In Nardo e Porto Cesareo sono conosciuti come “Carcaluri“, per la caratteristica di calcare sullo sterno del dormiente.

Naturalmente la sintomatologia ha una natura fisiologica, ma nell'antichità questo malessere veniva attribuito al maligno o al fantastico; da wikipedia alla voce : Incubo (sogno) "L'incubo è un tipo di sogno che si presenta in modo angosciante e a volte è accompagnato da una sensazione di oppressione al petto e/o da difficoltà respiratorie  (...) Fino al XVIII secolo, gli incubi erano considerati causati da stregonerie con le creature malefiche che si appoggiavano al petto del dormiente. Il termine infatti deriva da "incubare", atto che richiama l'immagine dello spirito maligno che cova sul petto del dormiente".

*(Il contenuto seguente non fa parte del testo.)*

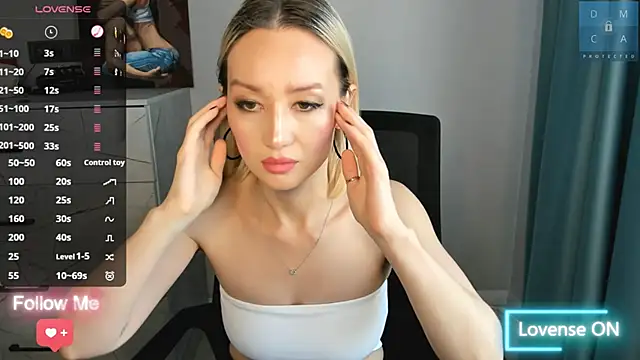 MinaDiamondd online show from October 26, 2025, 4:07 am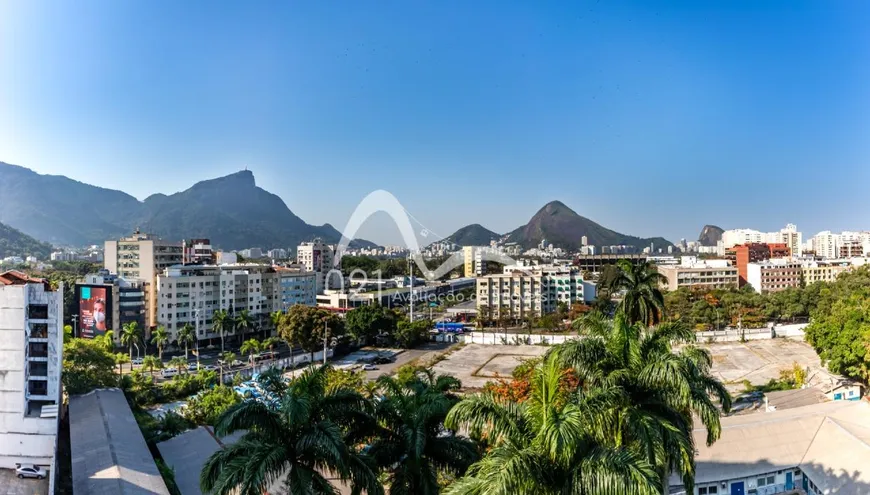Foto 1 de Cobertura com 3 Quartos à venda, 166m² em Leblon, Rio de Janeiro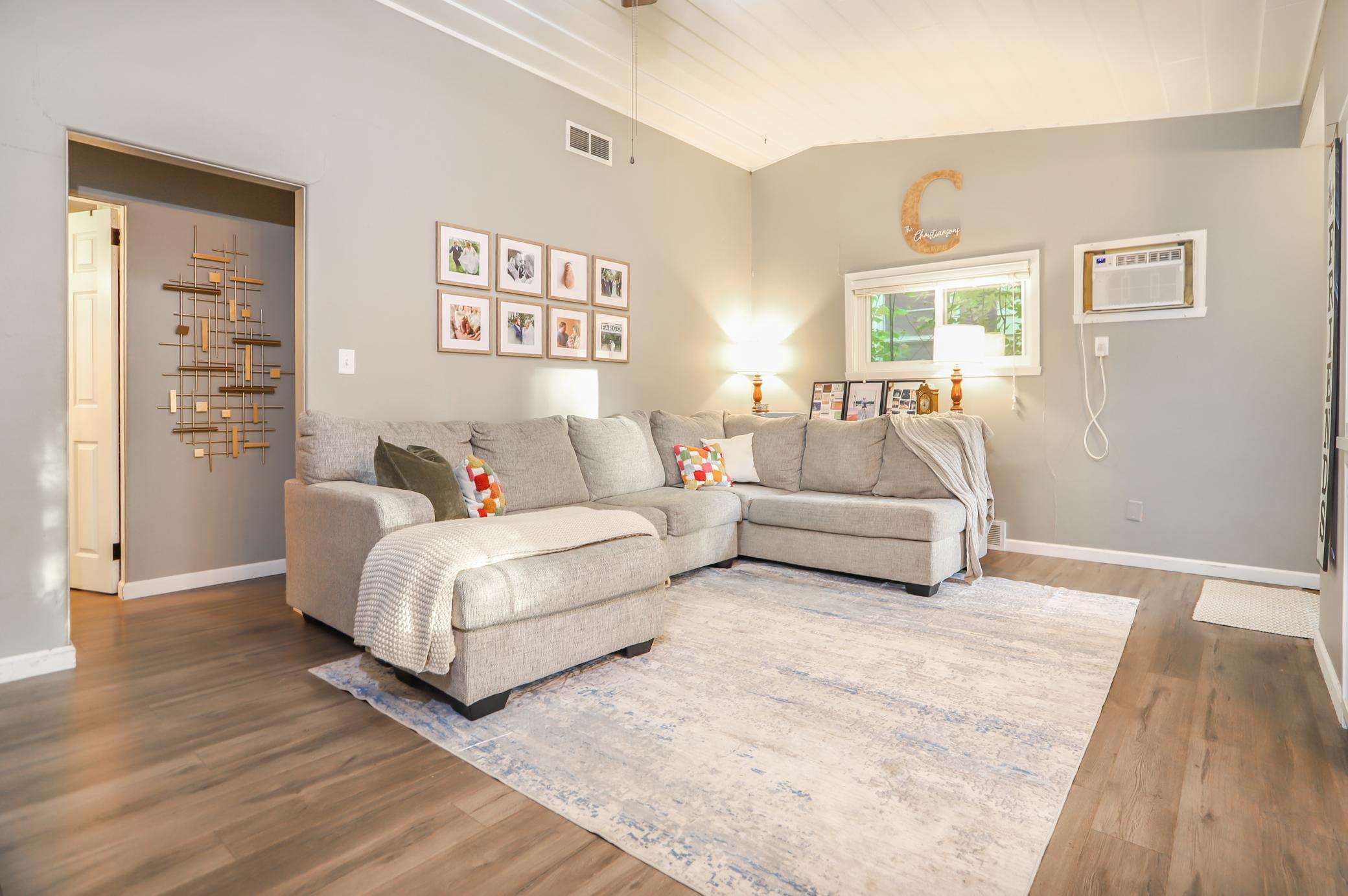 1949 single family home for sale at 1425 12th Street N in Fargo, ND — 2 bed, 1 bath (photo 6 of 23)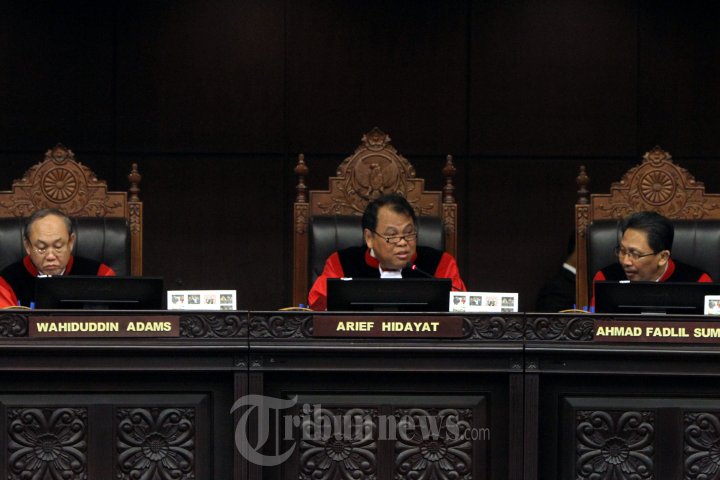 Sidang Gugatan Pilkada Langsung di MK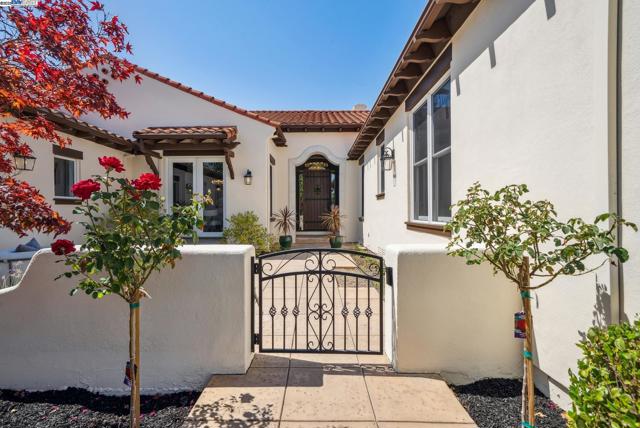 3625 Pontina Ct, Pleasanton CA: https://media.crmls.org/mediaz/0d7236d7-c24e-4bb5-88fe-7c32091df8c4.jpg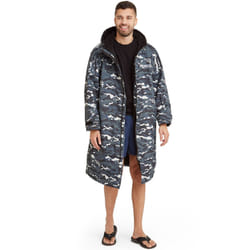 Regatta Outdoor Active Unisex Waterproof Zip Surfing Beach Changing Robe - SM, Black Camo/Black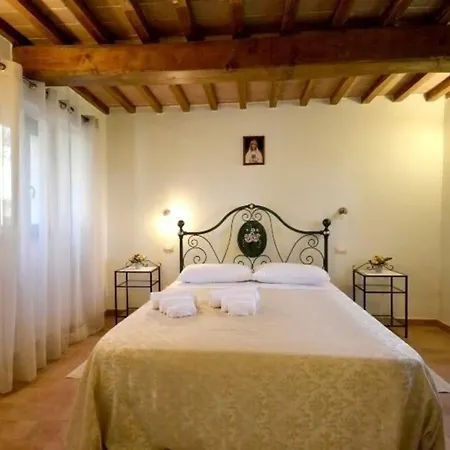 Mit Privatpool Fuer 7 Personen Ca 90 M In San-pietro-a-dame, Toskana Provinz Arezzo *
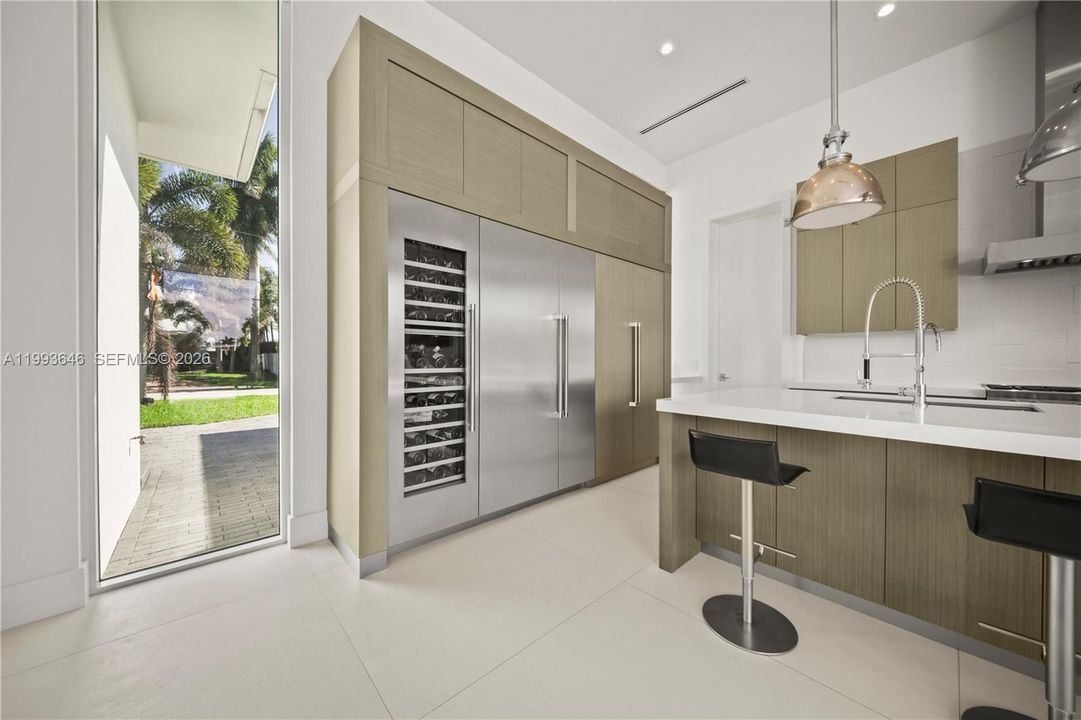 For Sale: $5,450,000 (3 beds, 3 baths, 2690 Square Feet)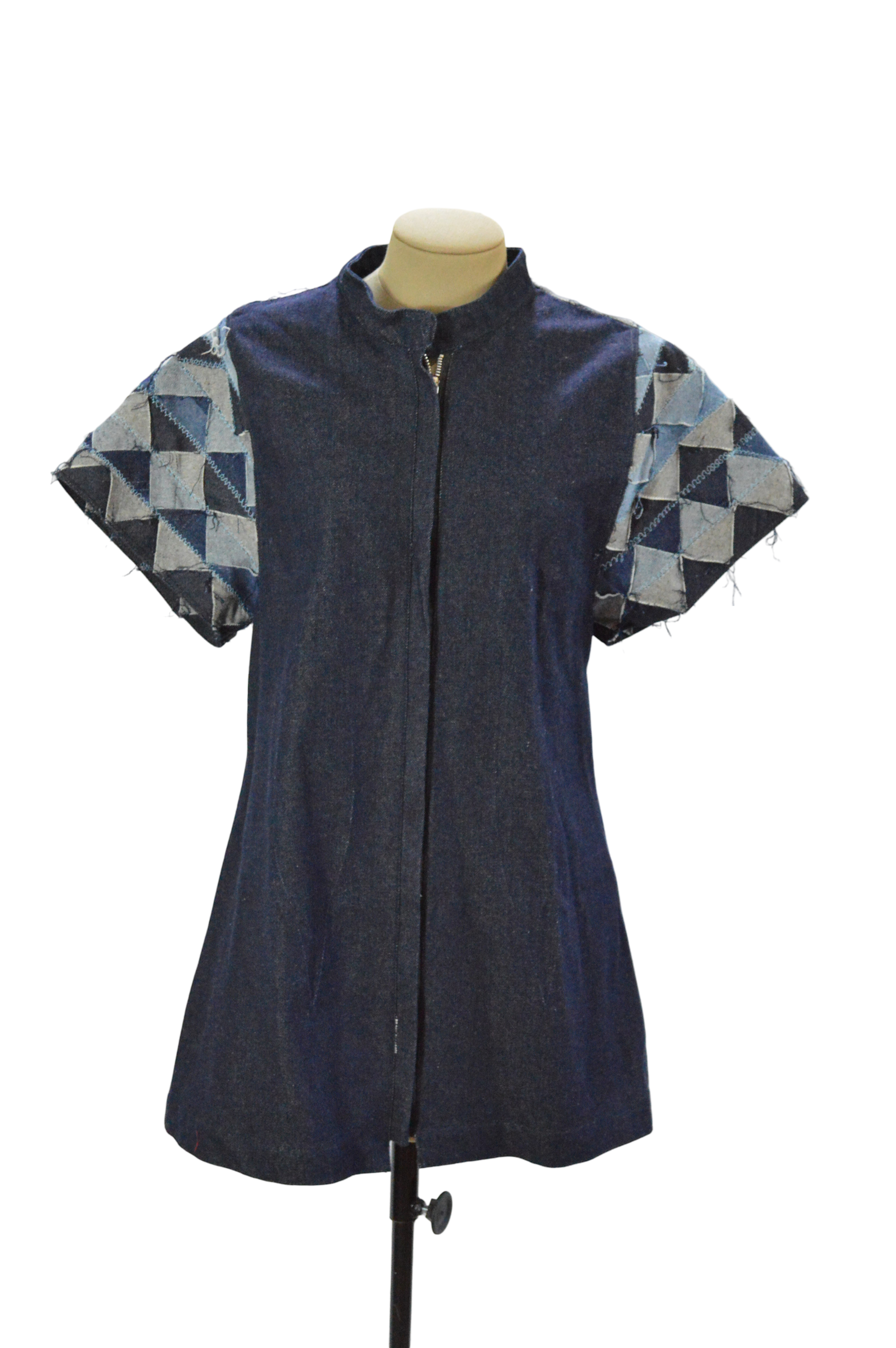 CHAQUETA AZUL OSCURO INTERVENCION EN MANGAS CORTAS TALLA ML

Illustri autori si sono occupati di questi gnomi furbetti : “Fanno il solletico sotto i piedi agli uomini addormentati, tirano via le lenzuola dei letti, buttano sabbia negli occhi, rovesciano bicchieri pieni di vino, si nascondono nelle correnti d'aria e fanno volare le carte e cadere i panni stesi in modo che si insudicino, tolgono le sedie di sotto alle donne sedute, nascondono gli oggetti nei luoghi più impensati, fanno cagliare il latte, danno pizzicotti, tirano i capelli, pungono e fischiano come zanzare, hanno un debole per i crini e le code dei cavalli che amano intrecciare inestricabilmente” (Carlo Levi)

Nei Comuni della Grecia Salentina è conosciuto con il nome di “Sciacudri” che deriva dalla parola Greca “Jakos“ Giacomo da cui il diminutivo “Jakullis" Giacomino. A Lecce viene chiamato Lauro, Uru o Laurieddhu.

Dalla radice "Laura" ossia le cavità naturali  che furono abitate dai monaci orientali Basiliani tra l’VIII e il XI sec. nel Salento (per sfuggire alla persecuzione iconoclasta di Leone Isaurico). Per il loro isolamento furono conosciuti dagli abitanti locali del tempo, come fossero degli spiriti dei boschi, come abitanti delle grotte (laure) e pertanto a loro fu attribuito il nome di Lauri (abitanti delie laure) e Laurieddhu (diminutivo e vezzegiativo).

 

L’Acchiatura, fa parte della leggenda salentina, ed è un luogo in cui è contenuto uno scrigno prezioso ricco di tesori spesso nascosto tra le mura di antiche dimore o palazzi. La leggenda dice che i custodi di quei nascondigli siano gli Scazzamurreddhi o Lauri o Laurieddhi, questi fantastici gnomi dispettosi.

 

Il "Lauro" o "Uru"

Con il suo cappello rosso a punta e dalla vocina  stridula lo si sentiva di notte : “Nu b’è successu nienzi, nu tè preoccupare, ieu suntu, statte tranquilla“ (non è successo niente, non ti preocupare, sono io, stai tranquilla).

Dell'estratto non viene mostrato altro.